Жизнь Пушкина — страница 98 из 127

Все мои здоровы — крестник твой тебя целует; мальчик славный. <…>

Пушкин — П. В. Нащокину.

10-е числа (после 12) декабря 1833.

Из Петербурга в Москву.


33
А. С. Пушкин
________________
ИЗ «ДНЕВНИКА»

14 декабря. Обед у Блая, вечер у Смирновых.

11-го получено мною приглашение от Бенкендорфа явиться к нему на другой день утром. Я приехал. Мне возвращен «Медный всадник» с замечаниями государя. Слово — кумир не пропущено высочайшею ценсурою; стихи

И перед младшею столицей

Померкла старая Москва,

Как перед новою царицей

Порфироносная вдова —

вымараны. На многих местах поставлен (?), — всё это делает мне большую разницу. Я принужден был переменить условия со Смирдиным.

Кочубей и Нессельроде получили по 200 000 на прокормление своих голодных крестьян. Эти четыреста тысяч останутся в их карманах. В голодный год должно стараться о снискании работ и о уменьшении цен на хлеб; если же крестьяне узнают, что правительство или помещики намерены их кормить, то они не станут работать, и никто не в состоянии будет отвратить от них голода. Всё это очень соблазнительно. В обществе ропщут, — а у Нессельроде и Кочубея будут балы (что также есть способ льстить двору).

15. Вчера не было обыкновенного бала при дворе; императрица была нездорова. Поутру обедня и молебен.

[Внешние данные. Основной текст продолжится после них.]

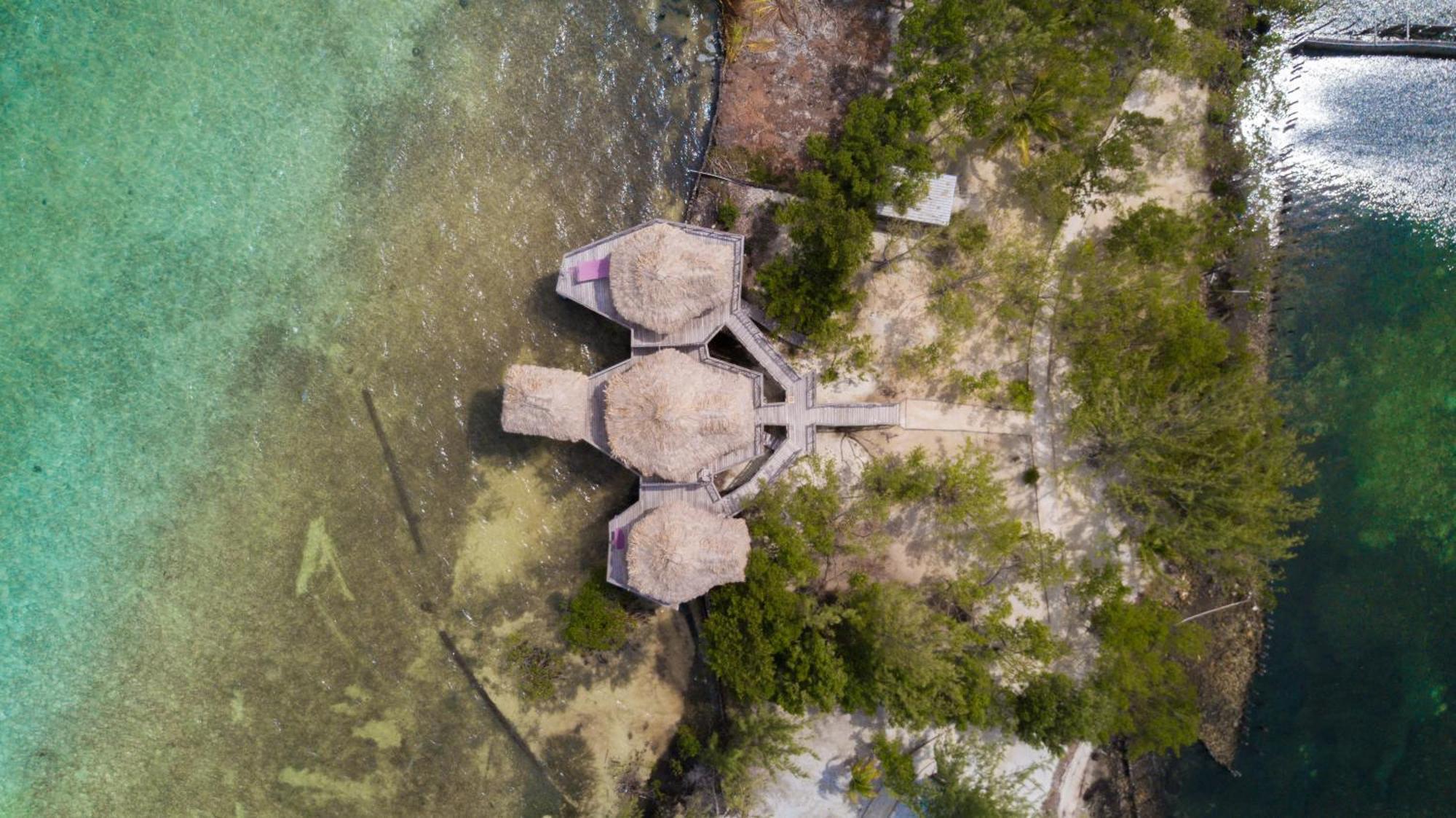 Thatch Caye Resort A Muy'Ono Resort Hopkins Phòng bức ảnh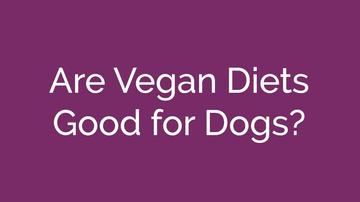 Are Vegan Diets Good for Dogs?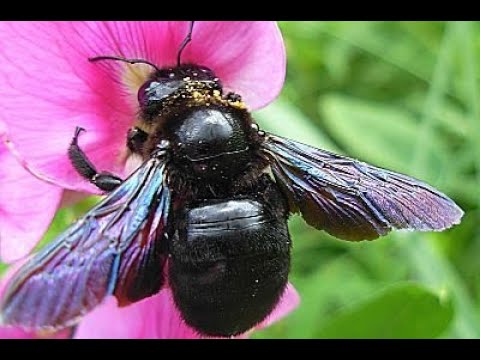 The large black carpenter bee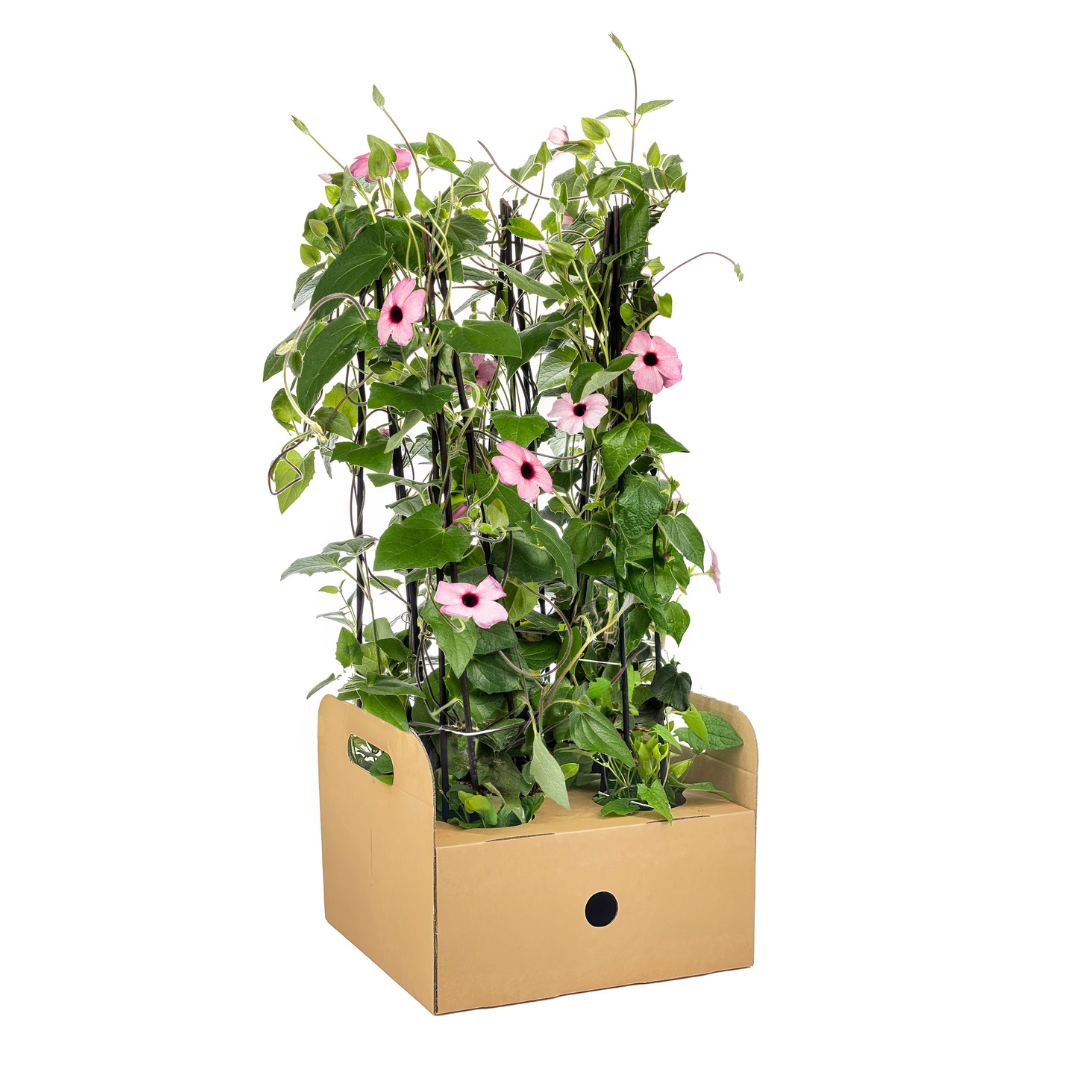 Thunbergia alata Sunny Susy Rose Sensation Ø13 cm - ↕60 cm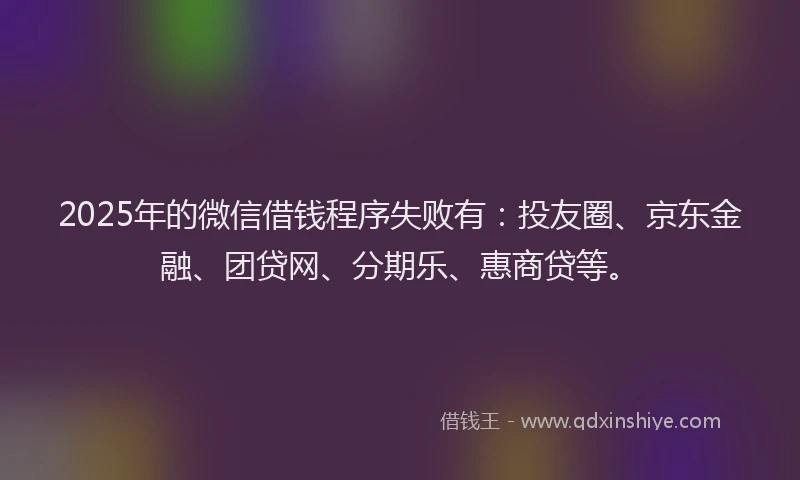 2025年的微信借钱程序失败有：投友圈、京东金融、团贷网、分期乐、惠商贷等。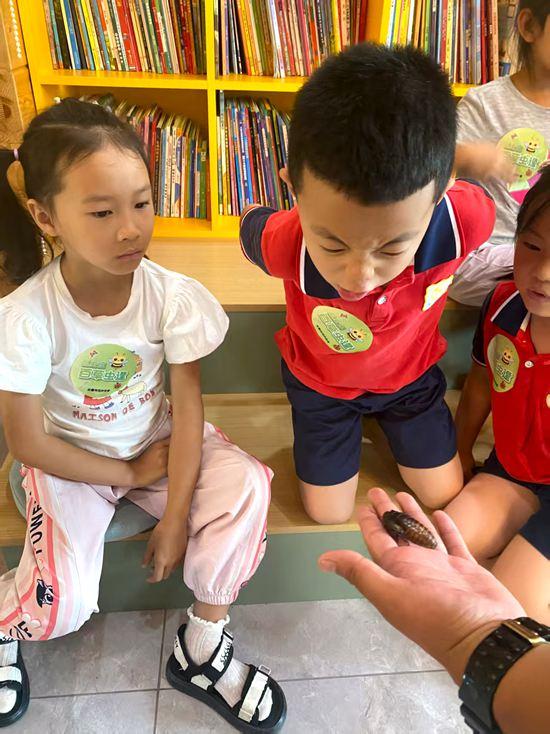 长春百草园“蜜蜂部落与昆虫王国探秘之旅”活动精彩启幕，解锁自然研学新玩法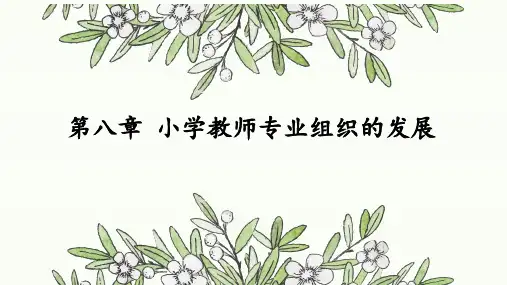 人民大小学教师专业发展PPT教学课件06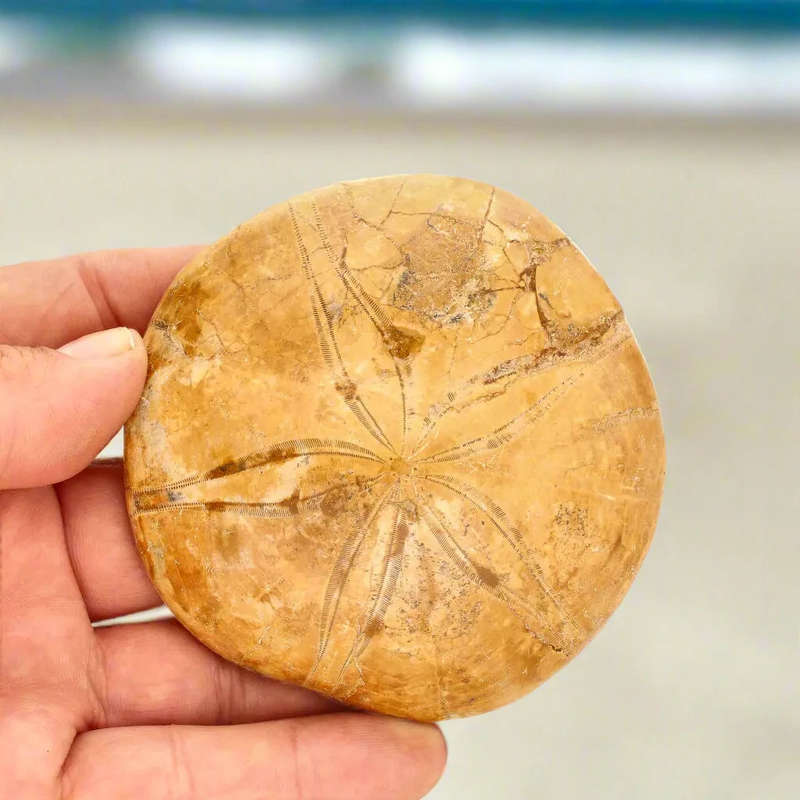Pansy Shell: Nature's Timeless Treasure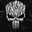 PUNISHER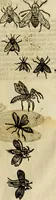 Picture 180 of 307 from The history of four-footed beasts and serpents. (1658), leaf 902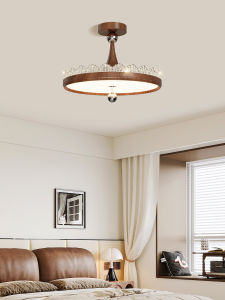 DGY | Vintage Luxury Teardrop Design Ceiling Light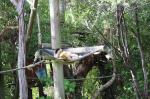 Wellington Zoo 02 - White - Cheeked Gibbon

16. Бал у Кочубея. Императрица должна была быть, но не приехала. Она простудилась. Бал был очень блистателен. Гр. Шувалова удивительно была хороша.

17. Вечер у Жуковского. Немецкий amateur[151] ученик Тиков, читал «Фауста» — неудачно, по моему мнению.

В городе говорят о странном происшествии. В одном из домов, принадлежащих ведомству придворной конюшни, мебели вздумали двигаться и прыгать; дело пошло по начальству. Кн. В. Долгорукий нарядил следствие. Один из чиновников призвал попа, но во время молебна стулья и столы не хотели стоять смирно. Об этом идут разные толки. N сказал, что мебель придворная и просится в Аничков.

Улицы не безопасны. Сухтельн был атакован на Дворцовой площади и ограблен. Полиция, видимо, занимается политикой, а не ворами и мостовою. Блудова обокрали прошедшею ночью.

1833


34
* * *

    Французских рифмачей суровый судия,

О классик Депрео, к тебе взываю я:

Хотя, постигнутый неумолимым роком,

В своем отечестве престал ты быть пророком,

Хоть дерзких умников простерлася рука

На лавры твоего густого парика;

Хотя, растрепанный новейшей вольной школой,

К ней в гневе обратил ты свой затылок голый, —

Но я молю тебя, поклонник верный твой,

Будь мне вожатаем. Дерзаю за тобой

Занять кафедру ту, с которой в прежни лета

Ты слишком превознес достоинства сонета,

Но где торжествовал твой здравый приговор

Минувших лет глупцам, вранью тогдашних пор.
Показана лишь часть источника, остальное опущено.